Hoje, estamos rodeados de prédios. Das janelas iluminadas vejo pessoas absortas, contemplando o verde dominante do nosso velho quintal que, com minhas irmãs, faço questão de cuidar. Aqui viçam mangueiras, romãzeiras, pitangueiras, helicônias e bananeiras de cachos surpreendentes pelo tamanho e fartura; frutas compartilhadas com vizinhos e amigos a cada safra. Há também uma pequena horta com o básico salsa e cebolinha. O sol marca presença desviando-se da sombra dos prédios e convidando-nos ao não-fazer-nada esticados numa rede de sisal sergipana.

Volta e meia alguém pergunta: “puxa, por que vocês não vendem isso? Deve valer uma boa grana!” Certamente sim, mas dinheiro não é tudo na vida e preferimos preservar a propriedade para a geração seguinte enquanto desfrutamos desse privilégio ensolarado, colorido e acolhedor.

Recentemente a Prefeitura providenciou um sobrevoo pela cidade no encalço de novas áreas construídas para atualizar o IPTU - e fomos devidamente sobretaxados pelas obras realizadas; subiram o imposto. Tudo bem, vamos pagando-o parceladamente apesar das dificuldades financeiras trazidas pela pandemia. No entanto, penso que a administração municipal, tão zelosa nas questões ambientais deveria, em compensação, considerar os benefícios gratuitos providos por nossa pequena-grande área verde à comunidade. Vale um desconto ou não? Há anos contribuímos com ar puro à vizinhança e servimos de abrigo e pit-stop para aves, borboletas, abelhas.

E chegamos onde eu queria. Desde o início do chamado lockdown cenas novas passaram a suceder no nosso quintal. No início, foram os passarinhos. Habitualmente frequentado apenas pelas rolinhas, bem-te-vis ariscos e raros pardais, o espaço aéreo agora é povoado por espécimes inéditas: saíras, bicos-de-lacre, canários, corrupiões, maritacas e outras que minha ignorância ornitológica é incapaz de identificar – só fotografo e pesquiso imagens na internet. Novos tipos de borboletas também chegaram.
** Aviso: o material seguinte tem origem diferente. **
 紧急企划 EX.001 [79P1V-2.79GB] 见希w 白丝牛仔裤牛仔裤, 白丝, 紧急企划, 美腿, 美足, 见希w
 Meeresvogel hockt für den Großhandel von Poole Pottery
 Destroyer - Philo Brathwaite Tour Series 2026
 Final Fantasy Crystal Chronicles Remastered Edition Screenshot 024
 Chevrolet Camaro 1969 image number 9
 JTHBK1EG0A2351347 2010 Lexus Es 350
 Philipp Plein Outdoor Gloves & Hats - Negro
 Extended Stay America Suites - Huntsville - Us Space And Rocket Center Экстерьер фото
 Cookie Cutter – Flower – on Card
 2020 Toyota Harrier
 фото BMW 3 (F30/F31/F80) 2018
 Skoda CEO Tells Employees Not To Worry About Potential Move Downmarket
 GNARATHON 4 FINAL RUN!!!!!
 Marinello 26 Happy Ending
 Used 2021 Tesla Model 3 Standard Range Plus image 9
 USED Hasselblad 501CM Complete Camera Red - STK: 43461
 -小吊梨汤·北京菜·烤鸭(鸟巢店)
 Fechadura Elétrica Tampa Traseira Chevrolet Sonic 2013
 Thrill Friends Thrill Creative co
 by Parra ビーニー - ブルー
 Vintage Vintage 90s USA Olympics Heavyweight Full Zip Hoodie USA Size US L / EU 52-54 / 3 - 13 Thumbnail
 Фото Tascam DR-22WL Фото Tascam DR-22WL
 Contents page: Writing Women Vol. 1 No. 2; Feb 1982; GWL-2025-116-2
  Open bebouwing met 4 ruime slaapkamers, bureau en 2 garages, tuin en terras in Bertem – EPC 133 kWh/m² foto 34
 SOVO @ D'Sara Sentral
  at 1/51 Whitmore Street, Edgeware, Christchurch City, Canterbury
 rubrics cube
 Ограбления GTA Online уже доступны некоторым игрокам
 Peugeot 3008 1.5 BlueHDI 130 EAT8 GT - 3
Nunca vimos tantas e tão diferentes; visitantes de cor, tamanho e formato inéditos, atarefadas no seu trabalho de pular entre as flores, sugar o néctar e em seguida voar para não sei onde, nas trilhas dos mistérios divinos.

No plano humano, os efeitos colaterais da pandemia vêm também dando assunto para boas conversas (lives assépticos no Whatsapp, claro) e respectivas risadas. Uma amiga, da categoria workalchoolic prestes a se aposentar, já está pensando em antecipar o desligamento, trabalhando tranquilamente em casa, dando tempo ao tempo e simplificando a vida. “Nossa! Não fazia ideia de como era tão bom isso” – confessou.

Outro amigo – que mal fritava um ovo sem queimá-lo – mergulhou em receitas culinárias para fugir da mesmice das marmitas e vem surpreendendo a exausta esposa nos pratos originais que inventa. Famílias lavam louça em escala de revezamento e já consideram adotar o hábito daqui para diante, reduzindo despesas. Um ex-colega de trabalho voltou a escrever, frenético, prometendo um livro de poemas após o pesadelo do vírus chinês.

Na roça, dizem que é assim mesmo: o caminhão de abóboras vai sacudindo pela estrada e seu balanço faz com que as referidas se acomodem, se aquietem. Vamos tocando a vida. Em breve – no papel de seres humanos ou de abóboras virando carruagens sem se darem conta – sairemos dessa, diferentes.